Are You There God? It’s Me, Danny.
He never answers me.
I probably use His name more than I use my own, and always endearingly:
“Oh my God”. “Good God”. “Dear God”.
Yet still He stays away from me.
Is it because I have done something in my life that has got up His nose? Then where is the forgiveness? And shouldn’t He at least let me know what it is so that I can apologise for it. Don’t I deserve a second chance?
He expects me to have a blind, unshakable faith in Him without ever having communicated. I couldn’t marry a woman on that basis – we’ve never communicated before but will you marry me? I couldn’t let strangers into my home on that basis – we’ve never communicated but come in and make yourself comfortable. Is that milk with your tea?
Maybe you speak to God regularly. Does He speak back to you? What does He say? And what does His voice sound like? Please describe it, because He won’t speak with me.

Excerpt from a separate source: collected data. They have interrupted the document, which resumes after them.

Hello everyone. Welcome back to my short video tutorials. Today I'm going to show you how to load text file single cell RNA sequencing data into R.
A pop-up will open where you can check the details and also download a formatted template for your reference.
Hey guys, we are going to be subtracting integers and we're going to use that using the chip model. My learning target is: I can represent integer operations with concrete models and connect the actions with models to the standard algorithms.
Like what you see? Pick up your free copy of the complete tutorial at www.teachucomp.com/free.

And who can answer the trillions of questions I have about life, the universe, about everything, if not Him? Yet He refuses to teach me.

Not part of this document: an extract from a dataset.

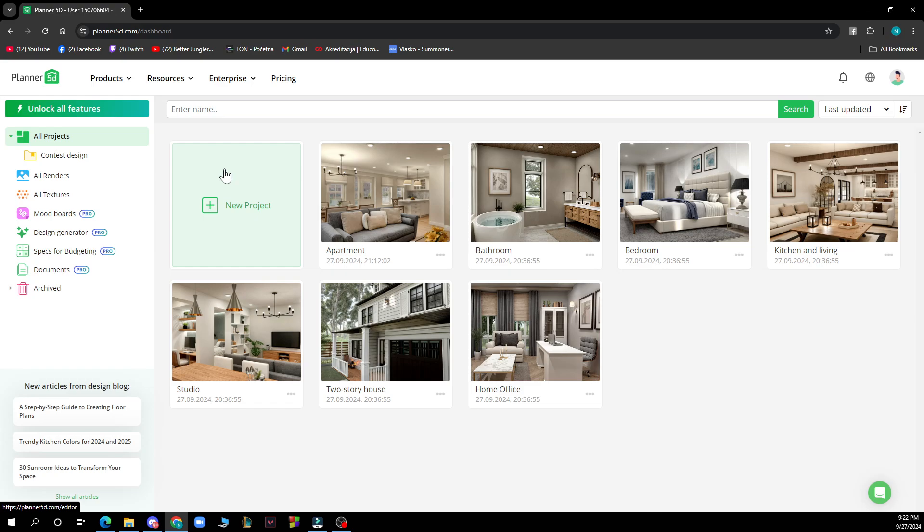So now let's see how you can actually change the wall color in Planner 5D. It is pretty simple and you just need to follow these few steps to know how to do it in no time. Go to a project so you can create a new one or go to an existing one.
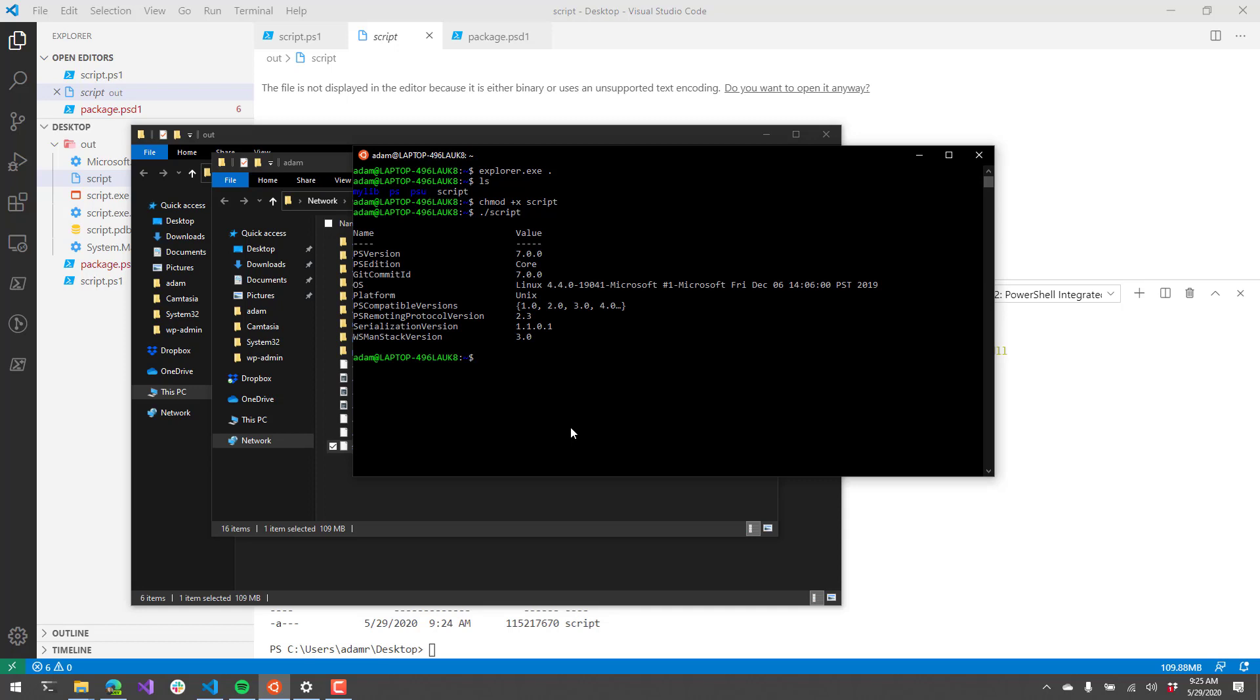As you can see here, the psversion table in this particular environment returns psversion 7.0.0 and then the platform is Unix and the OS is Linux. So in this video I showed you how to package PowerShell scripts into executables that work on both Windows and Linux. Thanks.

People often speak of finding God. Where do I look? In a book? The bible? It isn’t enough – a book. Isn’t the bible merely an interpretation of God and His will? I want… need to hear from God, not other people on His behalf. It’s not enough my mother telling me that my father, although he doesn’t want to see me, loves me all the same – I need to hear that from my father himself or it won’t mean anything.
God isn’t part of my life because He chooses not to be. The absent father I’ve never met. Never spoken with. Never acknowledged by.
It isn’t my fault this time.
But I will keep my door open, in case He ever changes is mind.